Twitter is reaching that inevitable stage of Silicon Valley success: the time to question whether credit for its invention has been doled out correctly.
The New York Times Magazine is running an excerpt from a book by tech reporter Nick Bilton undermining Twitter’s generally accepted creation story and painting everyone involved in a rather negative light. It’s dramatic reading. The cast of characters were all working for Odeo, a podcasting startup facing ruin because Apple (AAPL) had decided to get into the game. Here’s Bilton’s dramatis personæ:
Jack Dorsey, the villain: A shy employee at Odeo, Dorsey comes up with the idea for the messaging feature (which isn’t really new). He undermines everyone else involved, in this telling, even as he can’t commit to the project because he wants to be a fashion designer. At one point he flirts with the heretical idea of joining Facebook (FB). Dorsey’s powers of self-promotion reign supreme, though, and Bilton ends his account with a quote from an anonymous former Twitter employee: “The greatest product Jack Dorsey ever made was Jack Dorsey.”
Ev Williams, the hapless prince: Williams, Odeo’s chief executive, helps get Dorsey’s basic idea running with experience he brought from Blogger, a startup he had sold to Google (GOOG). He helps chase Noah Glass out of the company, at Dorsey’s urging. Also, he realizes that news would be Twitter’s main use. But he’s a terrible manager and is eventually ousted in a coup led by Dorsey and the board.
Noah Glass, the tragic exile: Glass serves as Dorsey’s confidant and also comes up with Twitter’s name, saving the world from some truly awful alternatives such as “Friendstalker.” But Glass ends up getting kicked to the curb, and the story ends with him living in an “apartment that was built as an earthquake shack”—making as much money as Dorsey’s secretary. (Breaking Bad fans, of course, will want to insert Walter White/Grey Matter comparisons here.)
Dick Costolo, the ruthless king: Costolo comes onto the scene and immediately reveals his evil intentions in a jokey tweet: “First full day as Twitter COO tomorrow. Task #1: undermine CEO, consolidate power.” He soon does so, and gets the company humming along as it moved towards the big payday.

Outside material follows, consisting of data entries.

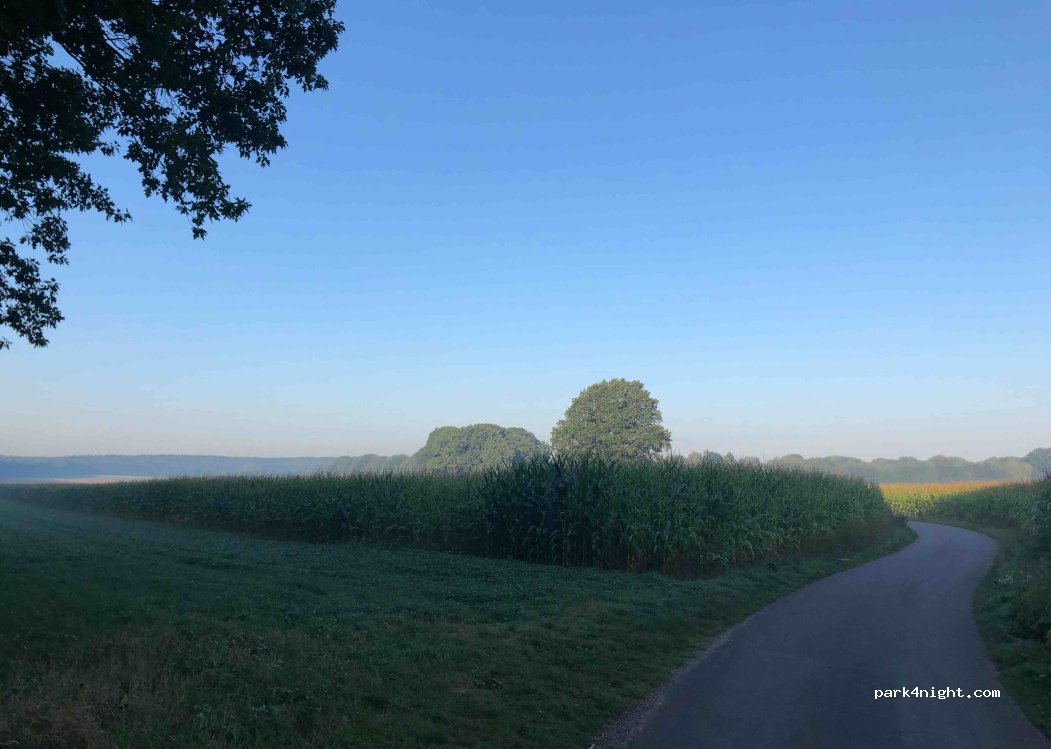 (47533) Kleve - Treppkesweg — foto 4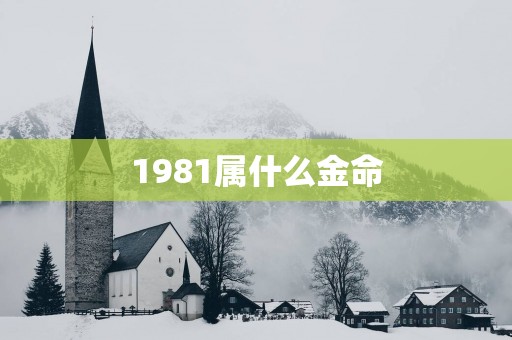 1981属什么金命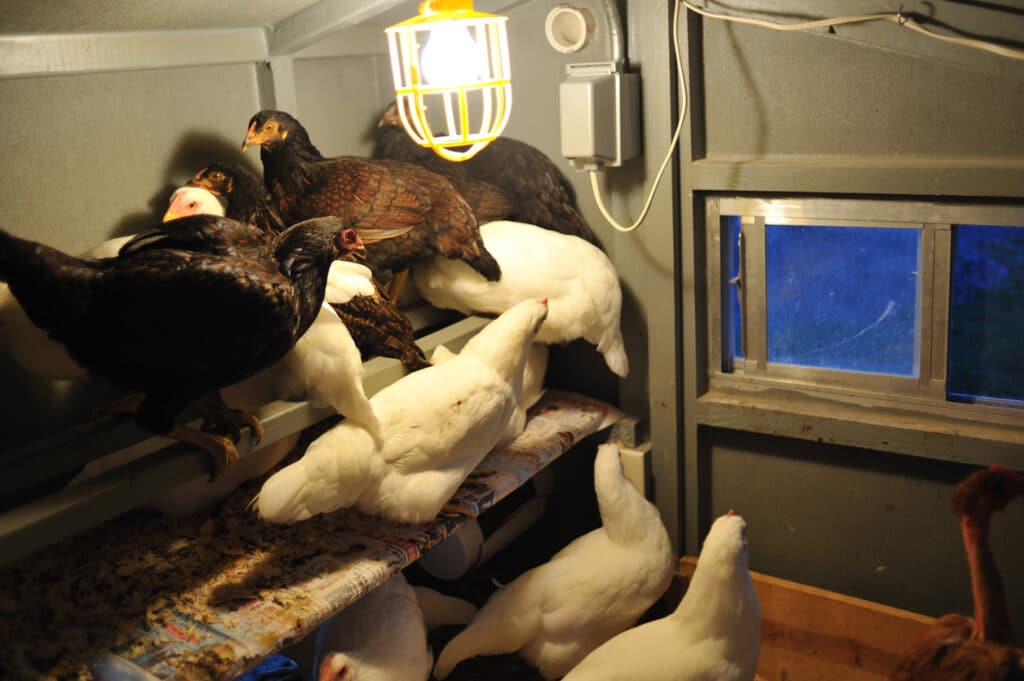 This coop has a light source, which would promote egg-laying and keep the chickens warm.  The sliding window also provides great ventilation.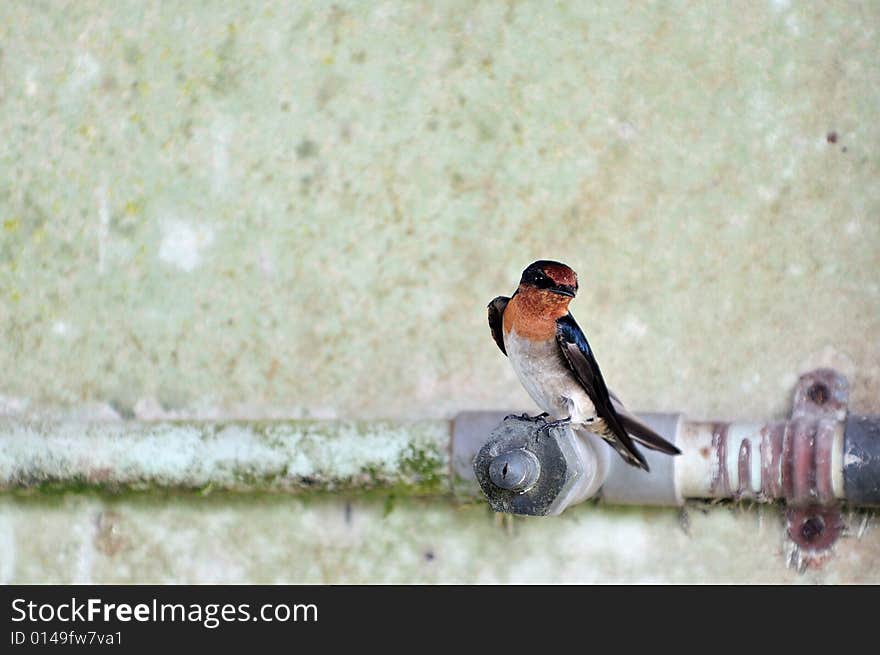 Swallow 3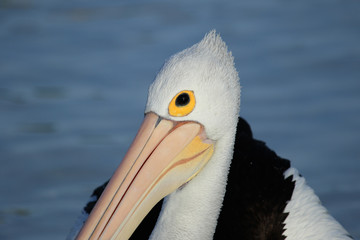 Australian Pelican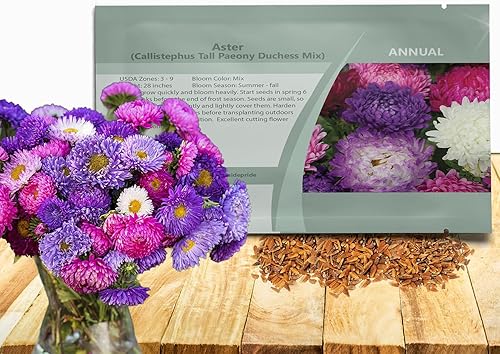 Outsidepride Paeony Aster - Mezcla de semillas de flores cortadas para jardín 1000 semillas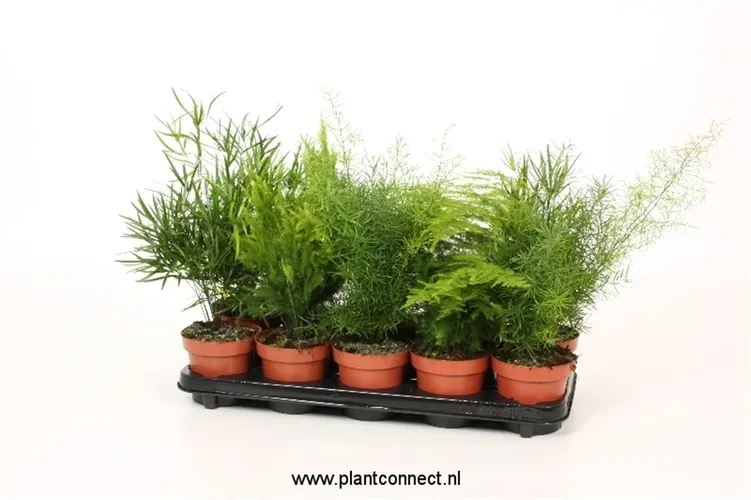 Asparágus mix črepník 12 cm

This type of tale is hardly unique to Twitter. Many successful ventures, inside and outside of Silicon Valley, have some version of it: Steve Jobs appropriated other people’s good ideas while berating the people who came up with them; Facebook and Snapchat’s origins are obscured in petty dorm-room politics; there are numerous fifth Beatles. It’s no surprise that this is coming to light during the final countdown to the company’s long-awaited initial public offering.